EXCLUSIVE: A sustainable ocean for a profitable shipping industry

Lee Kok Leong, our special correspondent, talks to Paul Holthus, founding president and CEO of World Ocean Council (WOC), about the sustainability of ocean and how ethics and transparency are keys to its future.

Paul works with the private sector and market forces to develop practical solutions for achieving sustainable development and addressing environmental concerns.  His experience ranges from working with global industry associations, directors of UN agencies, to working with fishermen in small island villages.

Paul has been involved in coastal and marine resource sustainable development and conservation work in over 30 countries in Europe, Asia, the Pacific, Central America and Africa.

The WOC is a global, cross-sectoral ocean industry leadership alliance committed to “Corporate Ocean Responsibility”, developed by and for the private sector, with a unique and multi-sectoral approach to address cross-cutting issues affecting sustainable development, science and stewardship of the seas.

The WOC believes that responsible and coordinated Ocean Business Community efforts are essential to a healthy and productive global ocean and its sustainable use.

Corporate Fair Trade Community (CFTC): Why is corporate ocean responsibility important to the shipping industry?

World Ocean Council (WOC):

The concept of corporate ocean responsibility is to help create a sense of the special role that the shipping industry has in shaping the future of ocean.

There are companies that are leaders or want to be leaders in understanding and addressing challenges concerning the health and productivity of the ocean.  We want to reach out to all the ocean business sectors including shipping, oil and gas and fishing, to identify those leadership companies, both big and small.

Leadership, in that sense, is wanting to be a part of the solution and recognizing that the ocean challenges are connected because the ocean is a three-dimensional global ecosystem.  These companies see that they have a responsibility.  They’re out there depending on the use of ocean space and resources and leadership is about making sure that they’re good steward.

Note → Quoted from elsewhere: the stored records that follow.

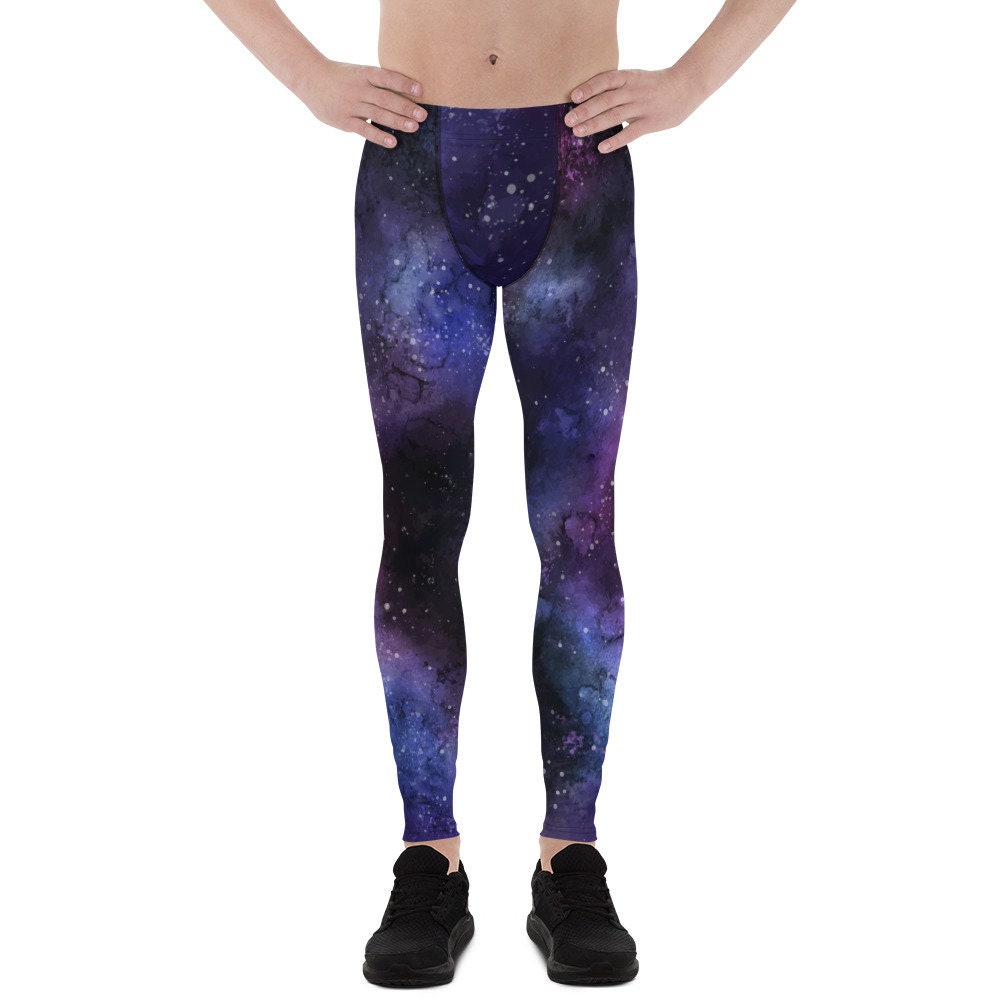 Galaxy Space Men Leggings, Universe Purple Stars Printed Guys Yoga Running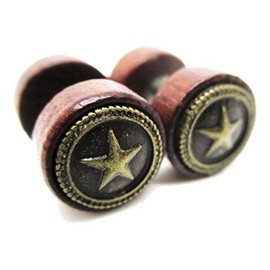 Organic Wood w/Metal Star Emblem Stud Post Earrings - New - Pair!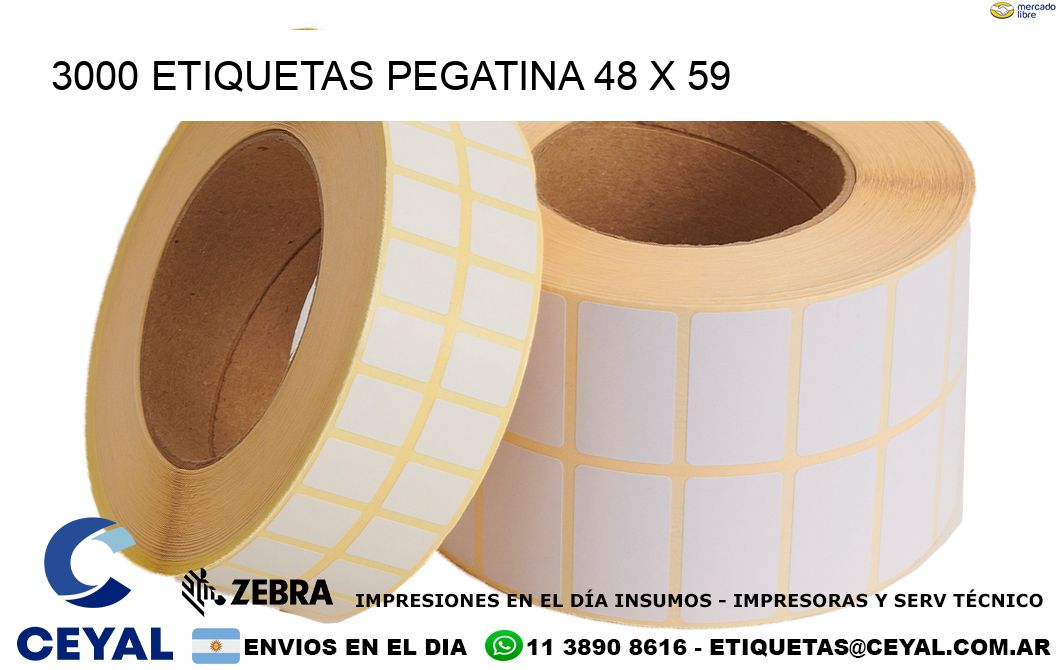 3000 ETIQUETAS PEGATINA 48 x 59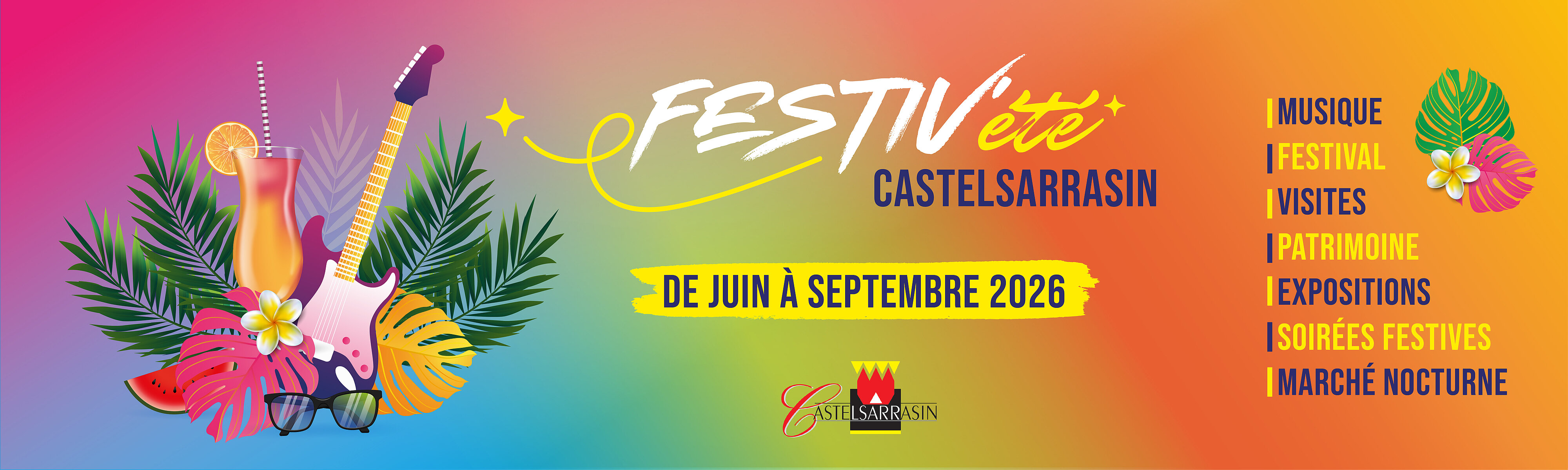 Festiv'été 2025 à Castelsarrasin. De juin à septembre, animations et concerts gratuits Festiv'été 2025 à Castelsarrasin. De juin à septembre, animations et concerts gratuits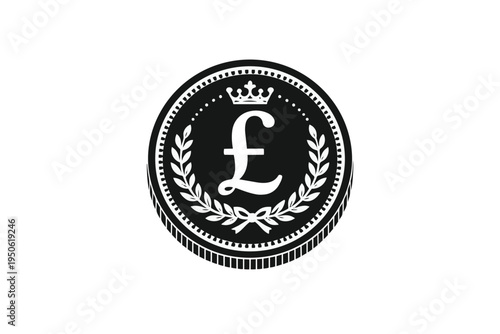 Black and white illustration of a british pound coin with laurel wreath and crown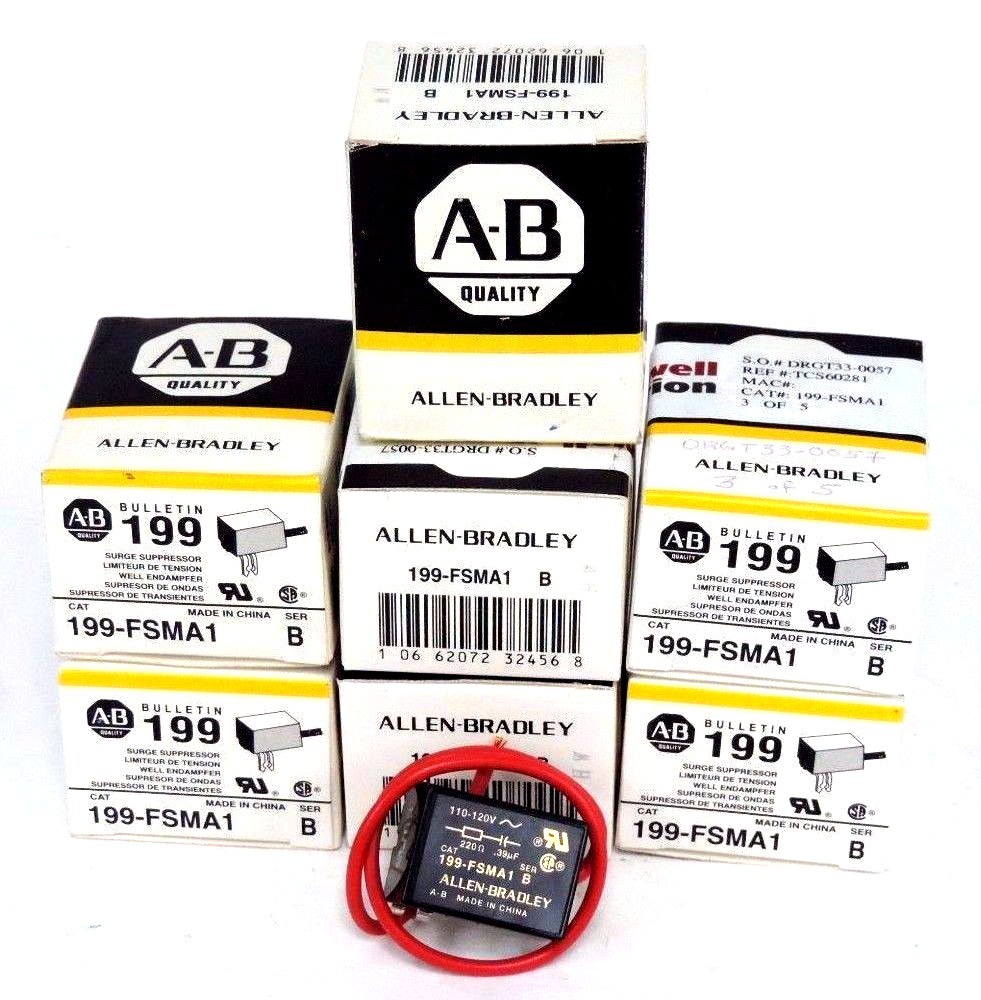 LOT OF 7 NIB ALLEN BRADLEY 199-FSMA1 SURGE SUPPRESSORS SER B 110-120V 199FSMA1
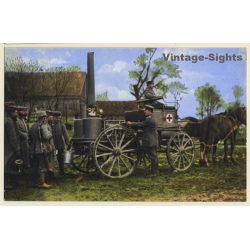 Rotes Kreuz: Infanterie Holt Sich Trinkwasser Aus Destillierapparat (Vintage PC 1914)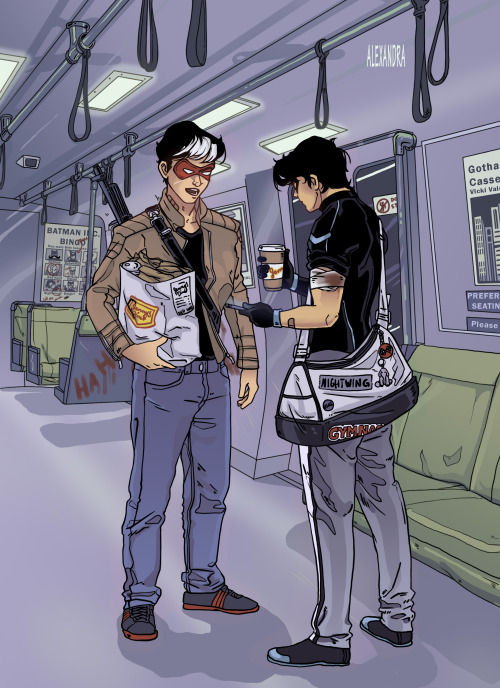 ghostpainters: Nightwing and Red Hood take the trainNightwing: Apparently, Tim and Duke already set 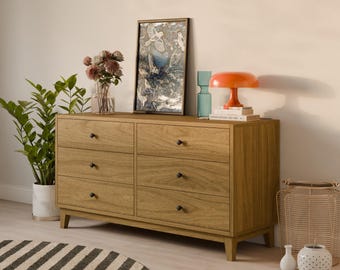 White Oak 6 Drawer Dresser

We work to find these companies and connect them with each other on a global multi-industry scale.

Shipping companies, including ship owners, should care because business drivers are inter-connected to being active in corporate ocean responsibility.

Their future access to the ocean will increasing depend on the social license of the acceptance of the community they operate in, where the employees live, and where local livelihoods are affected by them.

Moreover, if there are negative effects from the shipping companies and the movement of their vessels, for example, pollution incidents or biofouling, all these will have consequences.

And it will help the team to better manage the crisis if there already exists a longstanding active policy on corporate ocean responsibility.

So, the smart companies will be out in front to help shape the agenda, show their leadership, gain brand recognition, and improve their value proposition by saying we recognize and will address these issues and we have a responsibility to do so.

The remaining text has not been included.